What needs to be done =
Apart from the pictures, return every line of the listing exactly.

--- Material provided Enclosed Below ---

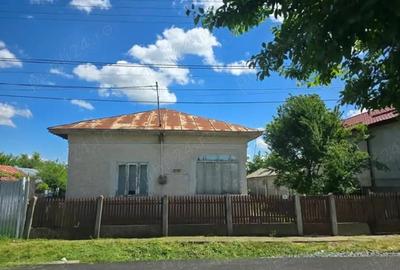 Casă în Băneasa - 2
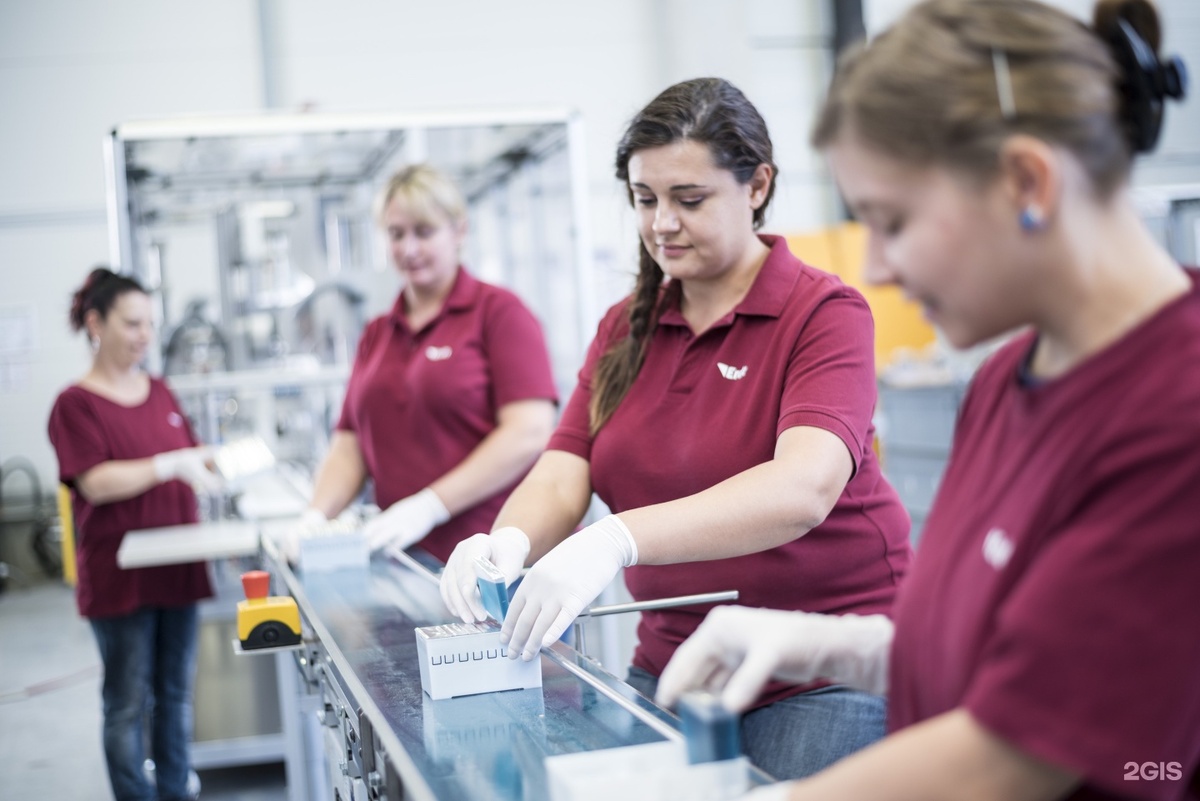 Картинка взята из Интернета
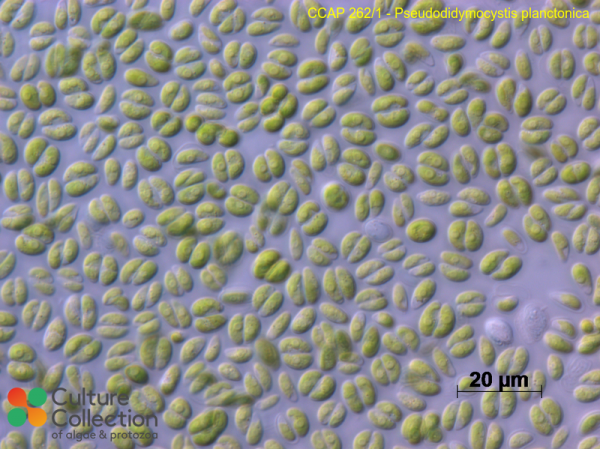 Pseudodidymocystis planctonica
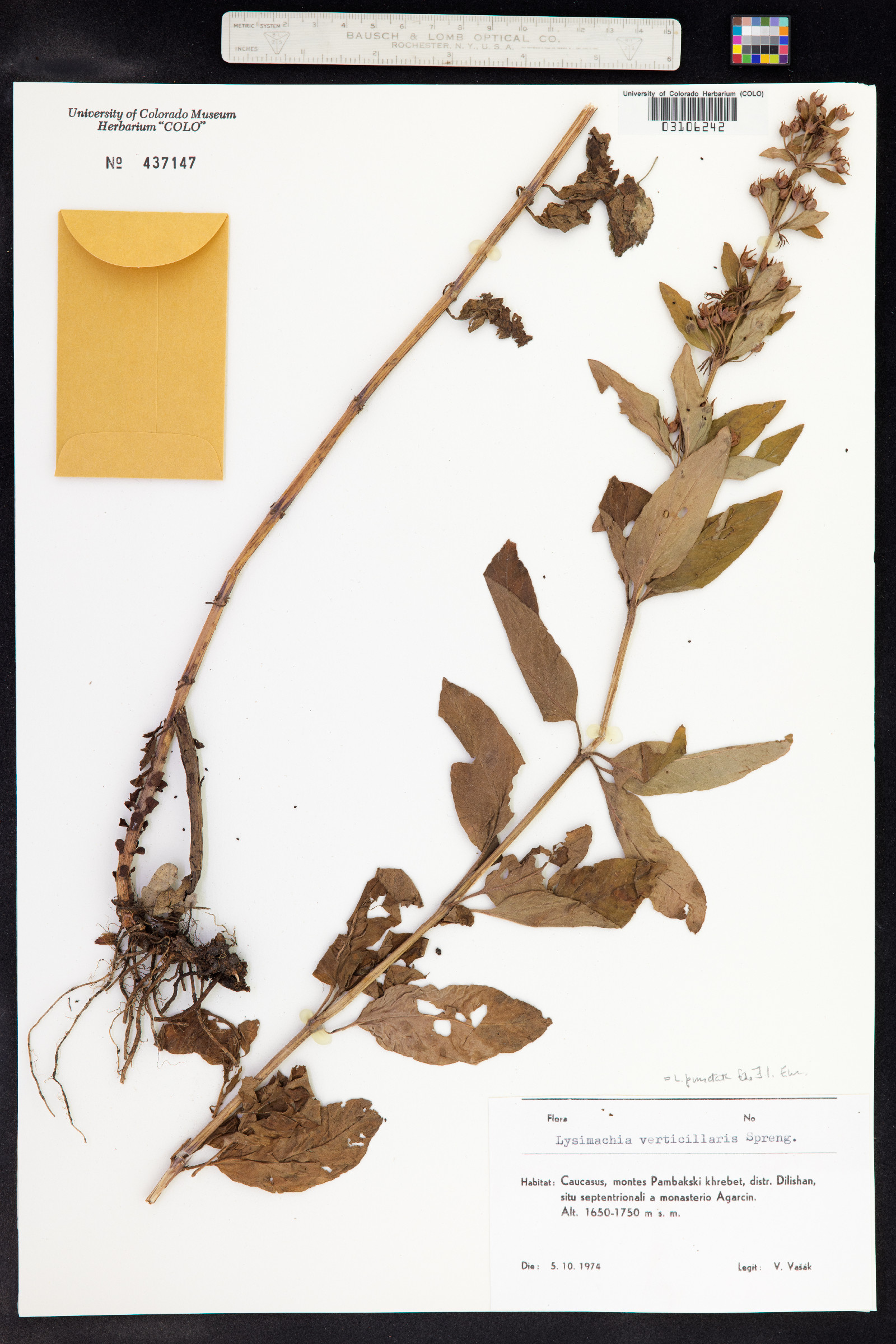 Lysimachia punctata image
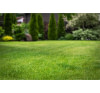Création et aménagement des espaces verts
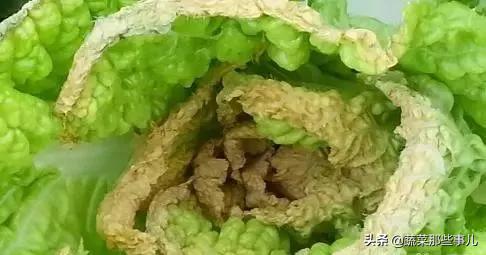 大白菜容易烂是怎么回事,娃娃菜干烧心的防治措施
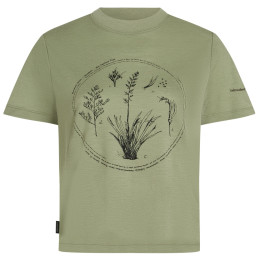 Damen-T-Shirt Icebreaker Merino 150 Tech Lite SS Crop Tee Seed Story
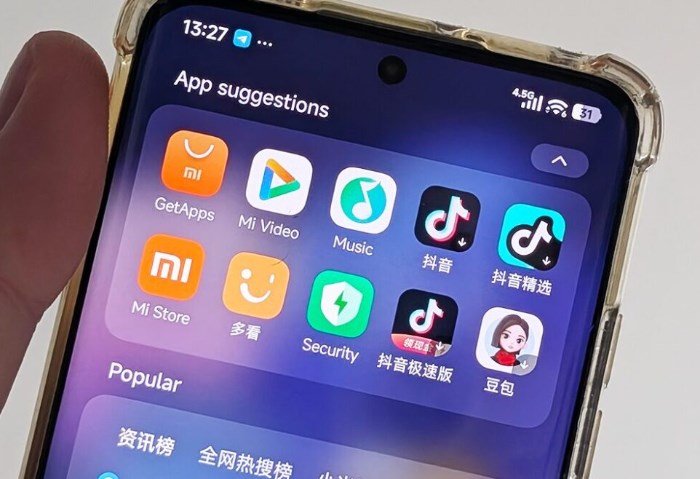 Xiaomi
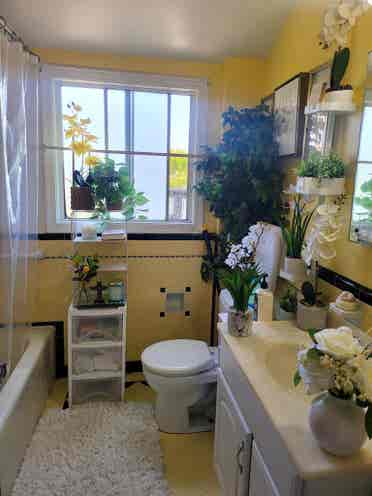 Spacious Rooms Albany Utilities Inc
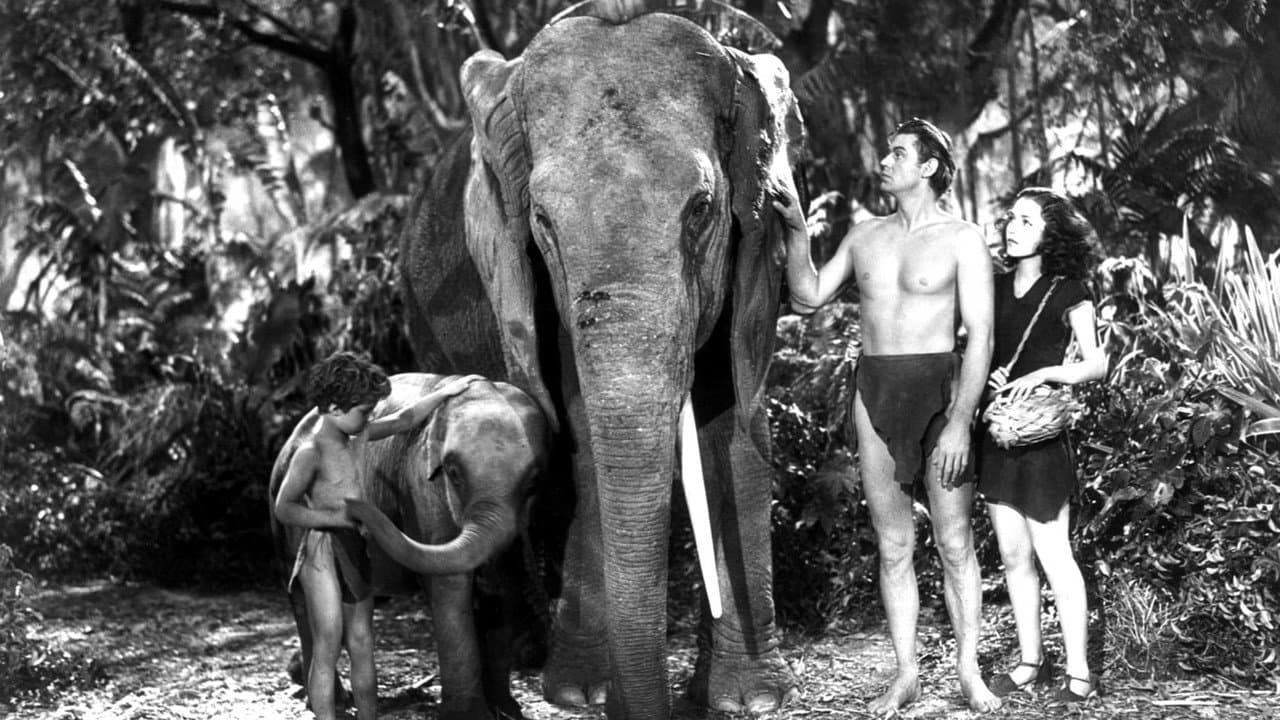 Tarzan Finds a Son! still 3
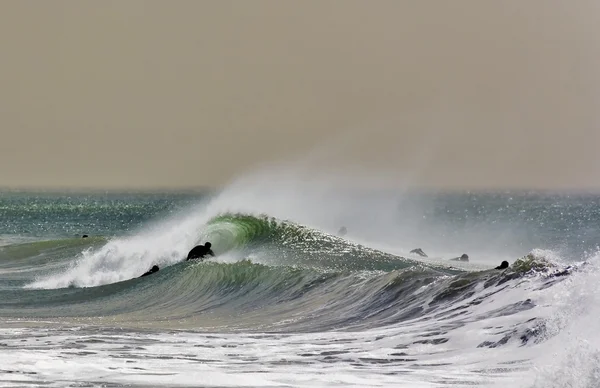 Surfista de ondas de inverno — Fotografia de Stock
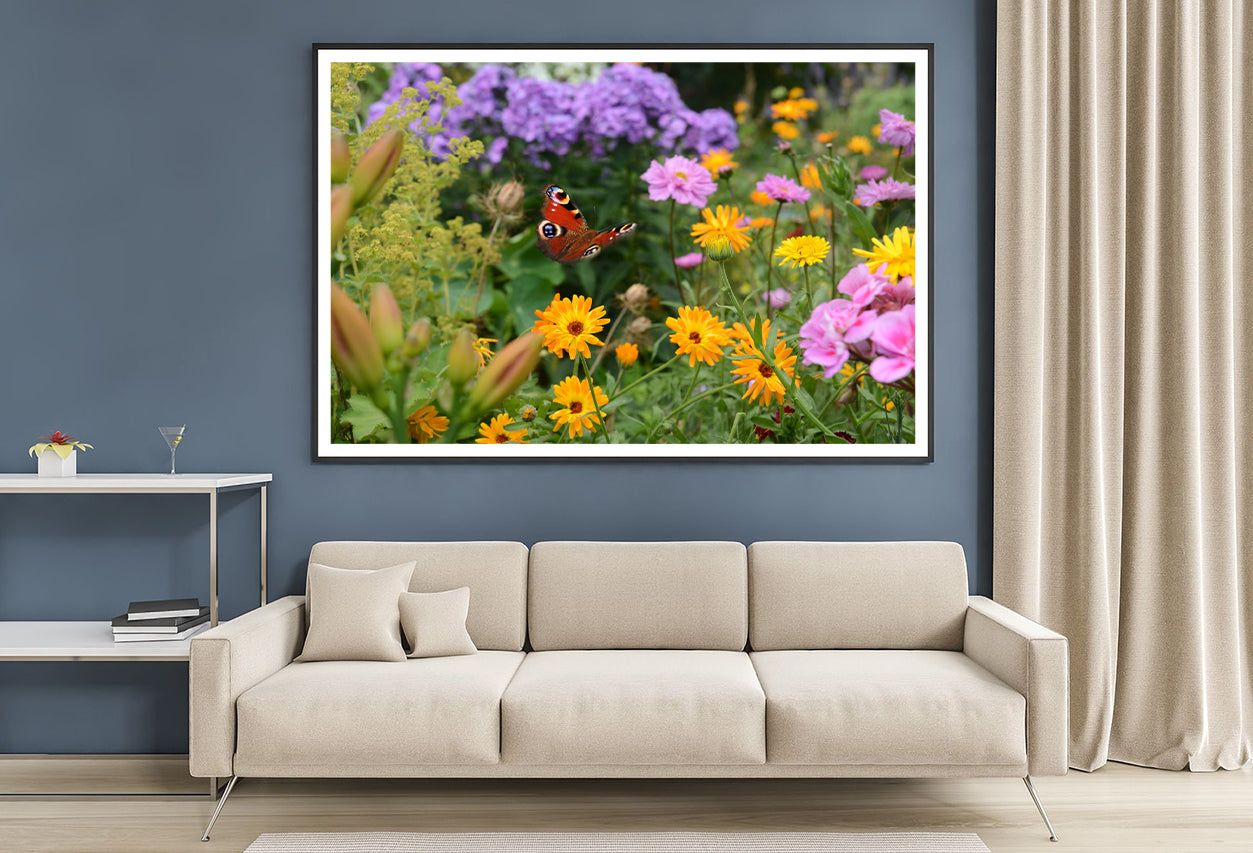 View of a Butterfly Perched On a Flower Home Decor Premium Quality Poster Print Choose Your Sizes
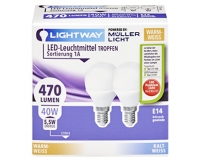 Aldi Süd  LIGHTWAY® LED-Leuchtmittel, 2er-Set
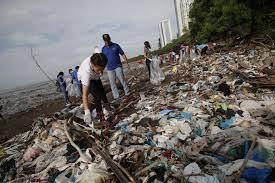 Un grupo de voluntarios durante una jornada de limpieza de plásticos en las playas de un sector de la Bahía de Panamá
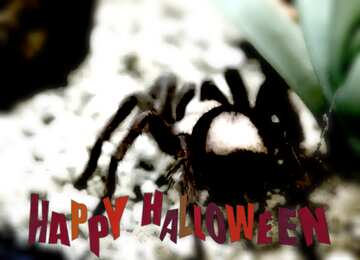 FX №193639  Spider blur frame happy halloween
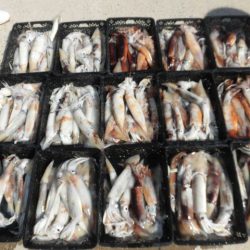 大進丸（愛知） 釣果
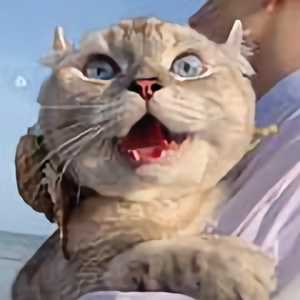 神將头像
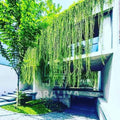 Curtain Creeper Vine | Parda Bel for Fences & Green Walls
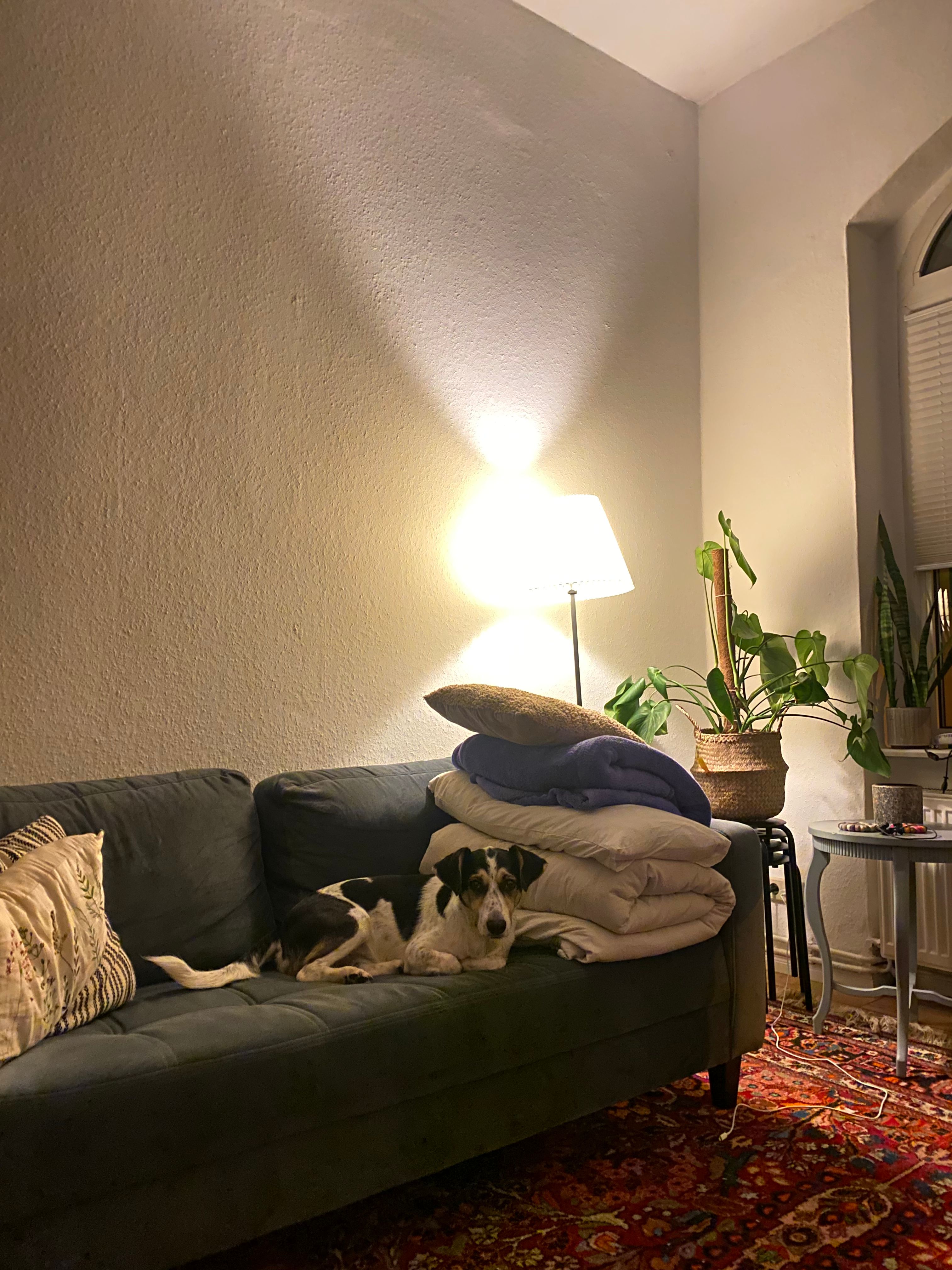 image-6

--- End of Enclosed Material provided ---

Task output =
 Casă în Băneasa - 2
 Картинка взята из Интернета
 Pseudodidymocystis planctonica
 Lysimachia punctata image
Création et aménagement des espaces verts
 大白菜容易烂是怎么回事,娃娃菜干烧心的防治措施
 Damen-T-Shirt Icebreaker Merino 150 Tech Lite SS Crop Tee Seed Story
 Xiaomi
 Spacious Rooms Albany Utilities Inc
 Tarzan Finds a Son! still 3
 Surfista de ondas de inverno — Fotografia de Stock
 View of a Butterfly Perched On a Flower Home Decor Premium Quality Poster Print Choose Your Sizes
 Aldi Süd  LIGHTWAY® LED-Leuchtmittel, 2er-Set
 Un grupo de voluntarios durante una jornada de limpieza de plásticos en las playas de un sector de la Bahía de Panamá
 FX №193639  Spider blur frame happy halloween
 大進丸（愛知） 釣果
 神將头像
 Curtain Creeper Vine | Parda Bel for Fences & Green Walls
 image-6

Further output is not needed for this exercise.